Par ailleurs, le conseil syndical est obligatoirement consulté pour la mise en concurrence des marchés et contrats dont le coût dépasse un montant fixé par l’assemblée. Il est également obligatoirement consulté pour la conclusion des contrats.
Mission d’assistance du conseil syndical
Le conseil syndical peut apporter son assistance au syndic notamment sur le choix des entreprises pour l’entretien courant de l’immeuble ou pour la réalisation de travaux décidés en assemblée générale.
Sa mission d’assistance est définie soit dans le règlement de copropriété, soit par une décision spécifique de l’assemblée des copropriétaires.
Les règles de fonctionnement du conseil syndical sont fixées par le règlement de copropriété s’il existe ou par les copropriétaires à la majorité simple.
Pour exécuter sa mission, le conseil syndical peut prendre conseil auprès de toute personne de son choix.
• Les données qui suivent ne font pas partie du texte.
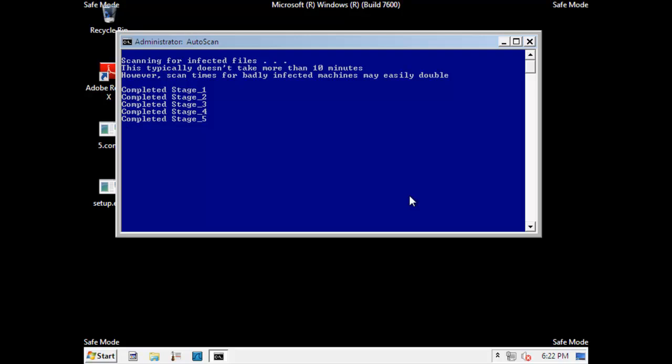And I believe there's 52 stages of combo fix. So you'll have to wait for that. And it's also worth mentioning that combo fix might un-pirate your Windows 7. So if you use some sort of a certain activation program from a certain Midwestern town, you might have to rerun it. I will just wait for the scan to finish and come back when it's done.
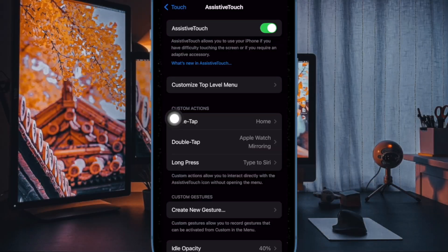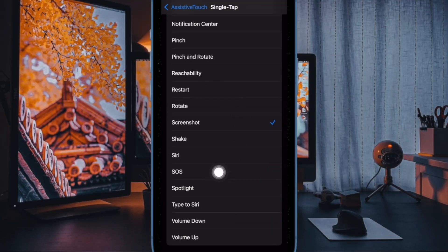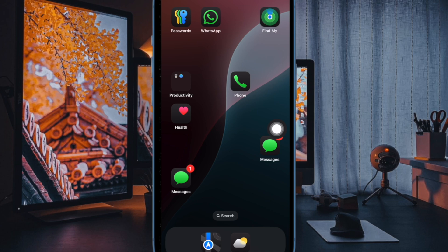Under the Custom Actions section, choose the Single Tap option, and finally select the Screenshot option. You're all set.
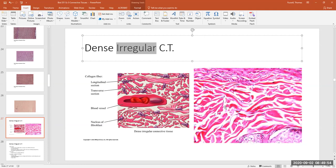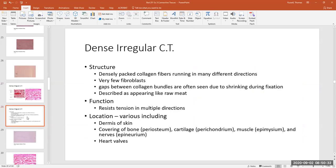All of this collagen looks like splattered pink everywhere in the slide. When you see a splattered pink everywhere, you know you're looking at dense irregular connective tissue. Dense irregular connective tissue is very vascular — there are a whole bunch of blood vessels in there. The collagen fibers are densely packed but there's no regular pattern, so they run in different directions — that's why it's called irregular.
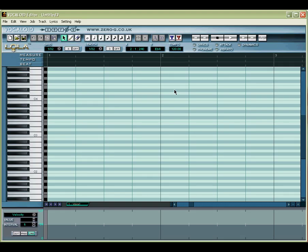First, launch the Vocaloid application. When you do so, a new empty sequence will automatically be created for you.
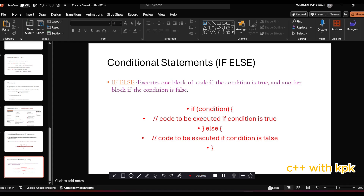Hello and welcome back to programming with C++. In this video, we are going to look at the if-else statement. The if-else statement is part of the conditional statement in C++. Basically, what it does is that the if-else statement executes one block of code if the condition is true, and another block of code if the condition is false.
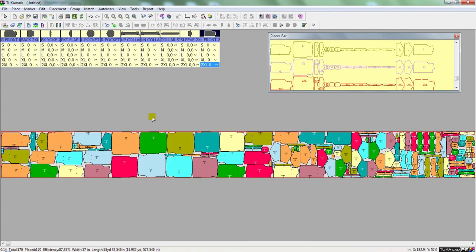So no matter the length or the number of pieces to be placed, SmartMark will always make the most efficient marker within the given parameters.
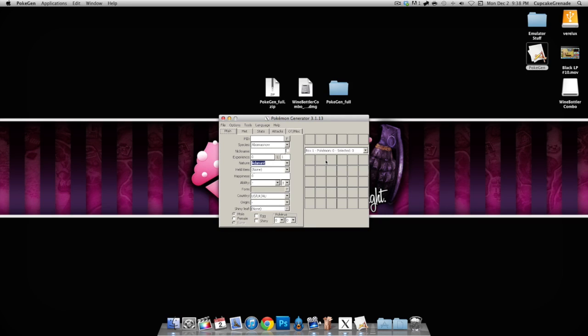This video simply was just to help my fellow Mac users on how to get PokeGen working on their Mac. So hopefully this video did help you out.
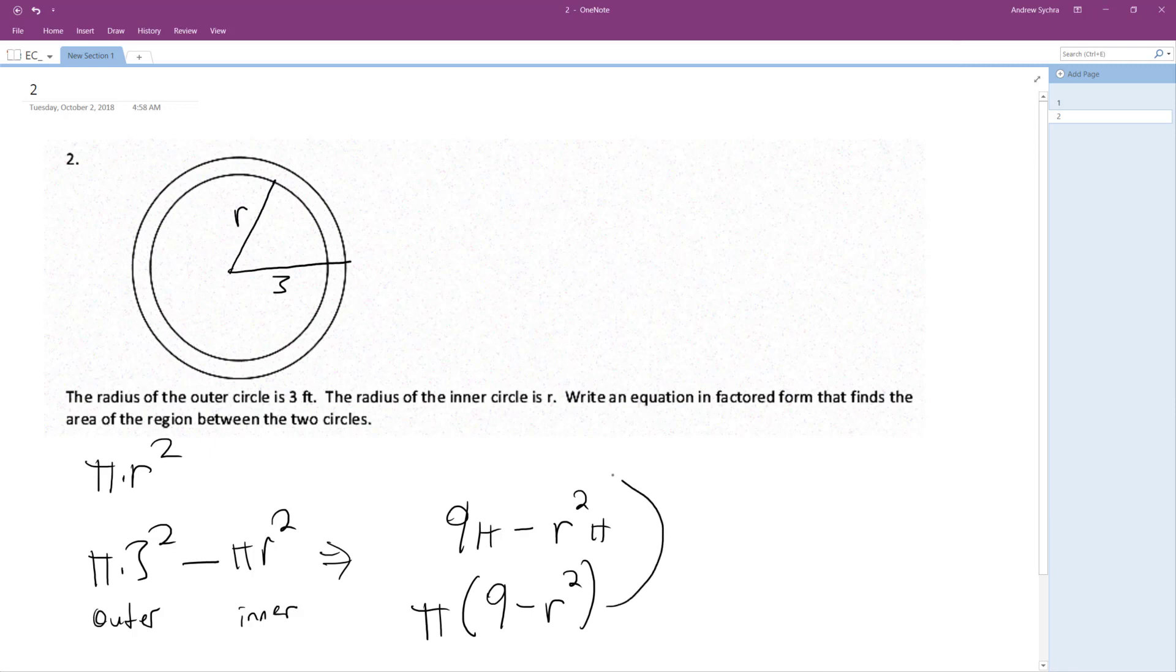And they want it fully factored out, so it ends up being pi times 3 minus R times 3 plus R. And that's the fully factored form.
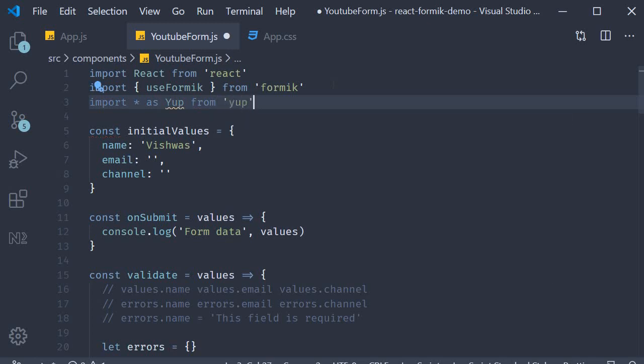Now what we are not going to do is understand how yup works. Instead, we are just going to see how to rewrite our validate function with yup. Once you understand what yup can do, you can then explore more on your own what yup is capable of.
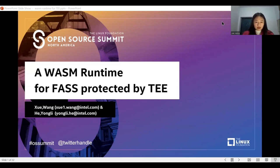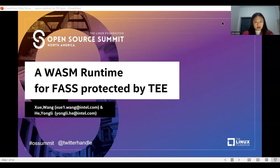In 2021, he embarked on cloud native and Kubernetes, enhancing Istio service mesh security. Today, it's my honor to present our topic: a Wasm runtime for files protected by TEE. We will cover the background of confidential computing and TEE environments, the current solutions, and why we choose Wasm runtime for files protected by TEE.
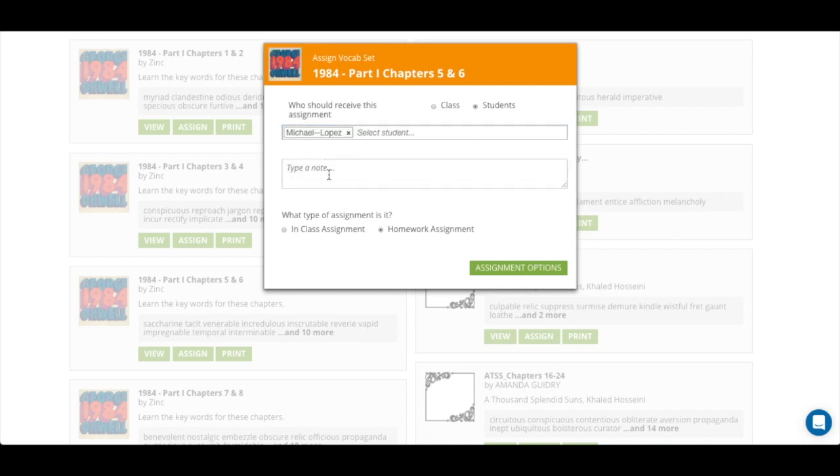You can type a note. So for example, we will cover this on Friday. And you can decide if it's an in-class assignment or homework assignment.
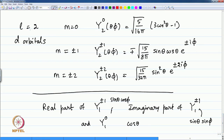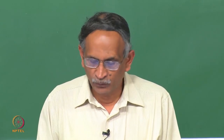The d orbitals correspond to the quantum number L with a value of 2, and there are 5 d orbitals with the quantum number M being 0 or plus/minus 1 or plus/minus 2. The spherical harmonics are second rank tensors with the spherical component 0. Spherical harmonics Y_L,M are also referred to by their tensorial rank. These are second rank tensor representations in a spherical coordinate system with the component being 0 or plus/minus 1 or plus/minus 2.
Il peut également demander un avis technique à tout professionnel spécialisé sur une question particulière (chaudière, ascenseur…).
Cette délégation de pouvoirs doit être votée par le syndicat de copropriétaires en AG à la majorité absolue dite de l’article 25.
La majorité absolue (dite majorité de l’article 25) correspond à la majorité des voix de tous les copropriétaires de l’immeuble (présents, représentés et absents).
Si la décision a reçu au moins ⅓ des voix, elle peut faire l’objet d’un 2nd vote à la majorité simple de l’article 24 (majorité des voix des copropriétaires présents, représentés ou ayant voté par correspondance).
La durée de la délégation de pouvoirs est d’au maximum 2 ans. Elle est renouvelable par une décision de l’AG.
Certains sujets sont exclus de cette délégation. Il s’agit des décisions suivantes :
Approbation des comptes
Détermination du budget prévisionnel
Adaptation du règlement de copropriété rendues nécessaires par les modifications législatives et réglementaires
S’il y a égalité, la voix du président du conseil syndical est prépondérante (supérieure).
Un somme est versée au conseil syndical pour mettre en œuvre sa délégation de pouvoir. Cette somme est fixée en AG. Son montant doit être inclus dans le budget prévisionnel voté chaque année. Lorsque la délégation de pouvoir porte sur des dépenses pour travaux non comprises dans le budget prévisionnel, l’AG doit indiquer le montant maximum versé pour chacune de ces dépenses.
Les membres du conseil syndical ne sont pas rémunérés.
Les dépenses nécessaires pour l’exécution de leur mission sont réglées par les copropriétaires dans le cadre des dépenses courantes d’administration du budget prévisionnel.
Les membres du conseil syndical sont élus pour un mandat d’au maximum 3 ans renouvelables.
Les membres du conseil syndical peuvent rompre leur mandat quand ils le souhaitent en démissionnant.
En cours de mandat, tout membre du conseil syndical peut être révoqué par les copropriétaires à la majorité absolue.
À noter
le conseil syndical n’est plus valablement formé quand plus d’ ¼ quart des sièges sont vacants, quelle que soit la cause de cette vacance (maladie, démission, révocation…). Dans ce cas, il faut convoquer l’AG pour remplacer les membres dont le siège est devenu vacant.
Chacun des membres du conseil syndical peut engager sa responsabilité dans l’exécution de sa mission, par exemple pour absence de contrôle de la gestion du syndic ou dépenses illégales.
Le syndicat des copropriétaires doit souscrire, pour chacun des membres du conseil syndical, une assurance de responsabilité civile.